EXERCISE DATA:
□ □ □ □ □
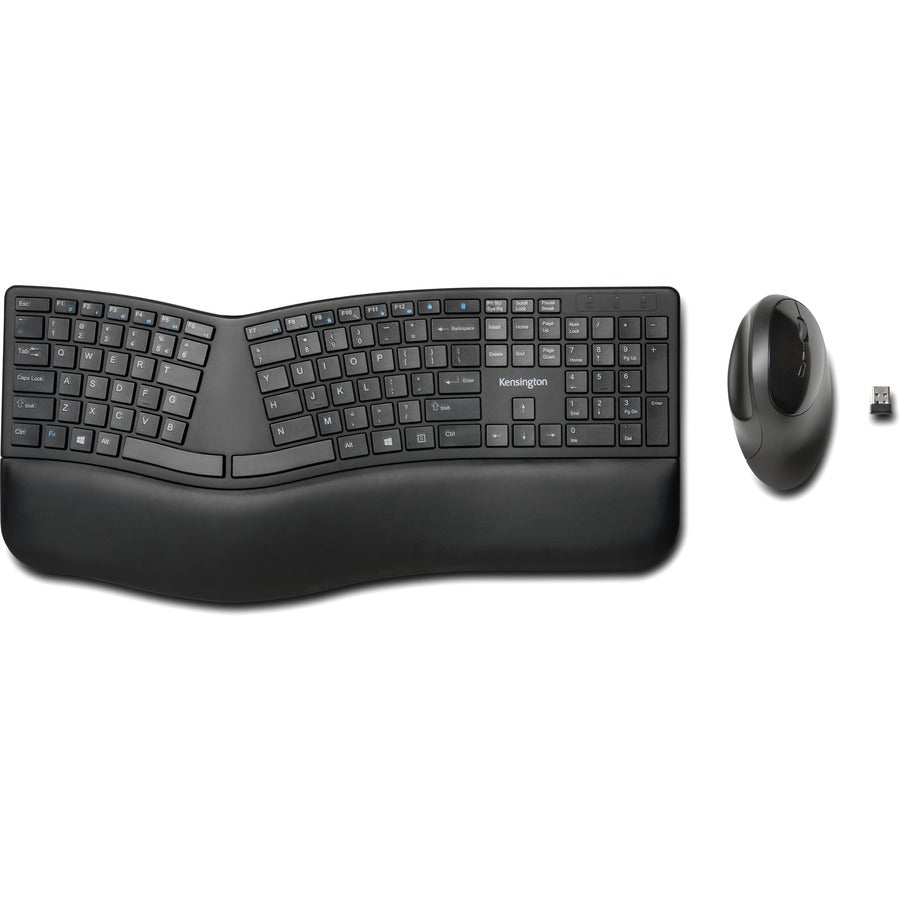 Kensington Pro Fit Ergo Wireless Keyboard and Mouse-Black - K75406US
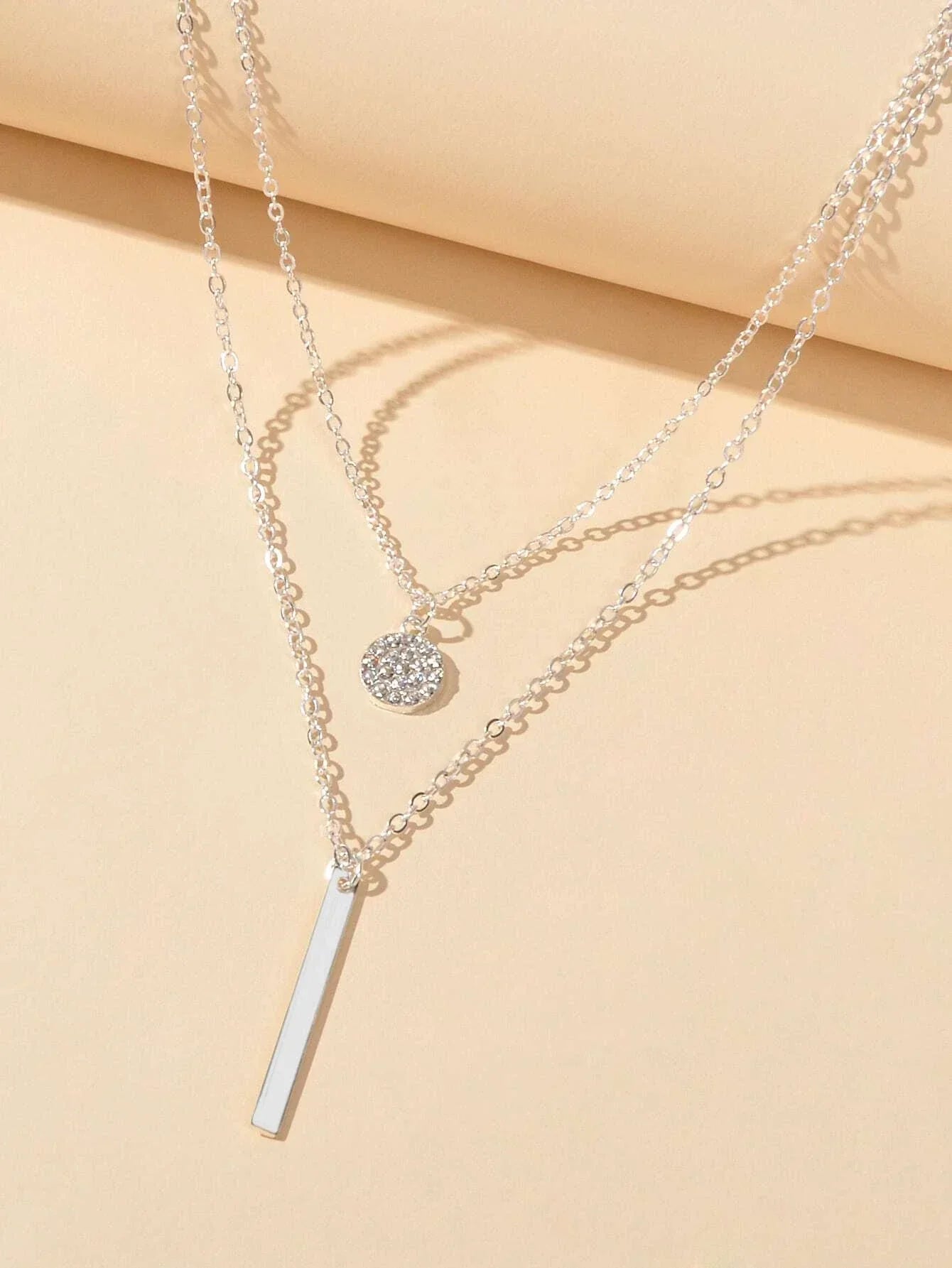 Buy Shein Geometric Charm Layered Necklace in Pakistan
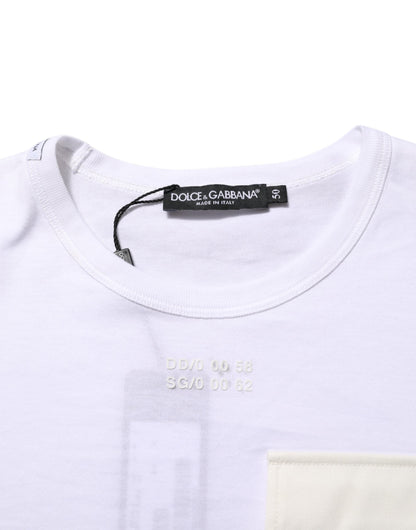 Dolce & Gabbana Weißes Baumwolltaschen-T-Shirt mit kurzen Ärmeln für Männer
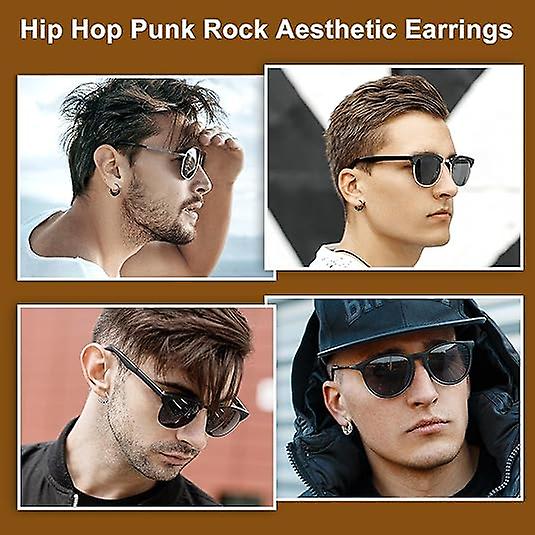 14mm Men's Titanium Steel Hoop Earrings Set - Black & Silver, Punk Rock Style V1237-ZY-203-1924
□ □ □ □ □
EXERCISE GOAL:
Find the line with "Buy Shein Geometric". Return it and each line after it through the end of the data, exactly, without pictures.

ANSWER SECTION:
 Buy Shein Geometric Charm Layered Necklace in Pakistan
 Dolce & Gabbana Weißes Baumwolltaschen-T-Shirt mit kurzen Ärmeln für Männer
 14mm Men's Titanium Steel Hoop Earrings Set - Black & Silver, Punk Rock Style V1237-ZY-203-1924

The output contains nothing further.